Mortgages can be fixed for 2, 5 or 20 years
Once entered into a fixed mortgage contract it is very expensive to get out of it
For 2 year fixes the interest rate will be above prime
If the client is fixing for 2 years and they have a current rate below prime less 1% then interest rates will have to move dramatically (more than 2%) in the next two years in order for it to be worth their while.
Tips for you the client
Partial fix - With SA Homeloans you can fix part of your mortgage. For example you can fix 50% and have 50% on a variable rate. Therefore you have a 'partial hedge' against interest rate movements
Understand why you want to fix - In the end it your decision, however try to establish why.
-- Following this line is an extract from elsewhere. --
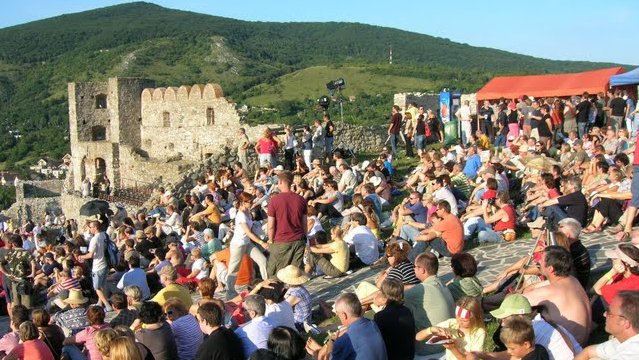 Tribute To Freedom crowds - Photo courtesy of Markus Schellhorn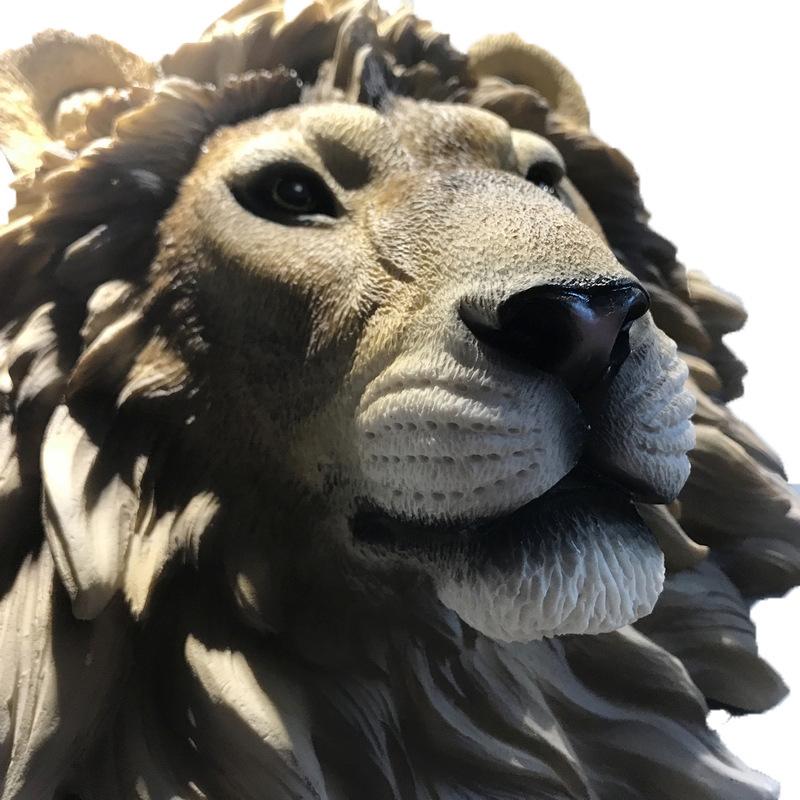 Nordic Style Resin Animal Head Wall Décor: Wolf & Lion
Factors which may affect the decision are:
In a 'low salary sector' (like teachers, nurses etc)
Badly affected by the interest rate movements in the late 1990's
Renting out the property and wants stability
Note: You shouldn't take out a 2 year fixed mortgage as they are very expensive, and is against all economists opinions (interest rates will not go up by over 3% in the next 2 years). However 5 and 20 year fixes have more merit, for certain types of clients.